The epitaph on your gravestone is a great way to project to the living world your one final pearl of wisdom.
We’ve done a round-up of weird headstones around the globe and the bizarre messages their owners wanted known … or did they?
1. Herman Harband
This spurned husband wanted everyone to know that for two decades he treated his wife like a princess, but that when he became disabled, she tried to poison, rob and abandon him.
The headstone is at New York’s Beth David Memorial Gardens, but records kept at the cemetery show that Herman Harband is not buried underneath it, even though he had paid for the plot.
2. Leonard Matlovich
In 1975, a decorated Vietnam War veteran, Leonard Matlovich was one of the first US soldiers to come out of the closet. Thereafter, his controversial fight to hang on to his military job became public. When he found he had AIDS 11 years later, he wrote his own epitaph.
The gravestone at the Congressional Cemetery in Washington reads: ‘A Gay Vietnam Veteran. When I was in the military, they gave me a medal for killing two men and a discharge for loving one’.
3. Edith Barlow
We are not sure where Edith is buried, but we admire her bluntness. At just 50 years when she died, her epitaph was as brief as her short life: ‘Shit happens’.
4. George Spencer Millet
Poor George didn’t live beyond the age of 15 because his female work colleagues were crowding around him, eager to give him 15 birthday kisses on his birthday. Unfortunately, he was also holding a metal (not rubber) ink eraser that was six inches long and in the shape of a knife.
In the lengthy explanation that must have given the mason who carved it very sore hands indeed, we’re told that he: ‘… lost life by stab[bing] in falling on ink eraser, evading six young women trying to give him birthday kisses in office Metropolitan Life Building.’
And yes, he did indeed die on his birthday.
5. W.B. Yeats
And while famous Irish poet W.B. Yeats left behind many words for us to contemplate, he could not help himself having one last say: ‘Cast a cold Eye On Life, on Death.

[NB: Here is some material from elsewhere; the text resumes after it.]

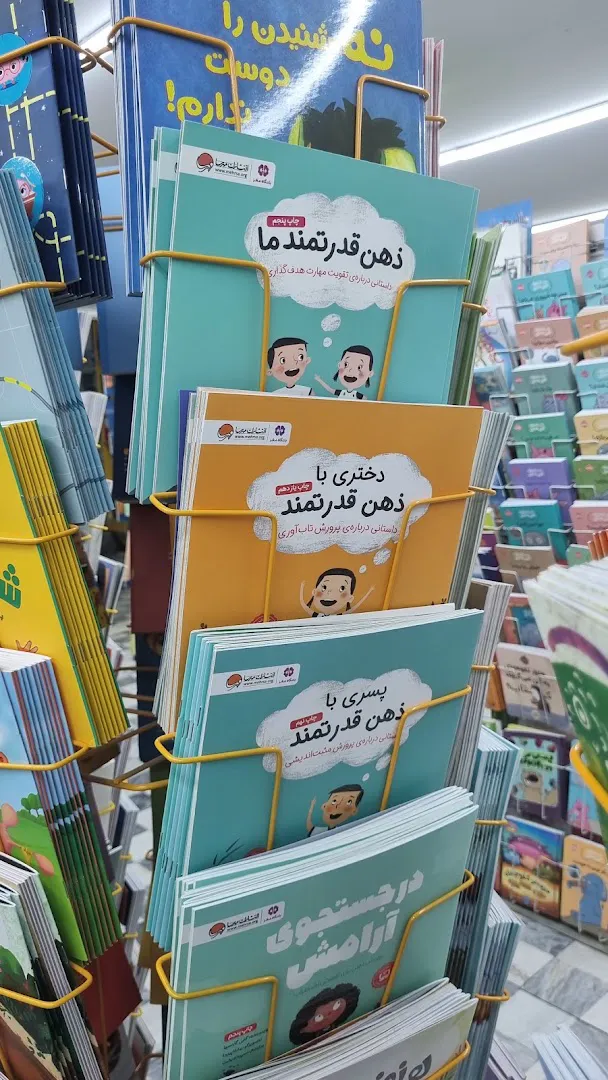 دهکده کتاب بازی و اندیشه (شعبه اصلی) - تصویر 3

Horseman, pass by.’
6. Charles A. Lindbergh
Aviator Charles Lindbergh left behind something a little more cryptic: ‘… If I take the wings of the morning and dwell in the uttermost parts of the sea …’
7. Oscar Wilde
We think he may have been outdone, though, by the witty Oscar Wilde: ‘And alien tears will fill for him Pity’s long-broken urn, For his mourners will be outcast men, And outcasts always mourn.’
8. F. Scott Fitzgerald
Buried with wife Zelda Sayre, novelist Francis Scott Key Fitzgerald’s gravestone reads: ‘So we beat on, boats against the current, born back ceaselessly into the past.’
9. Sylvia Plath Hughes
The simple headstone of troubled American poet Sylvia Plath, who took her own life, suggests a life lived in torment: ‘Even amidst fierce flames the golden lotus can be planted.’
10. Maria Arroyo
Mrs Arroyo and her husband Juan Jose share a gravestone which reads: ‘I told you I was sick.’ But we are not sure who was being told.
Do you plan to write your own epitaph? If so, will it be sarcastic, funny or ominous?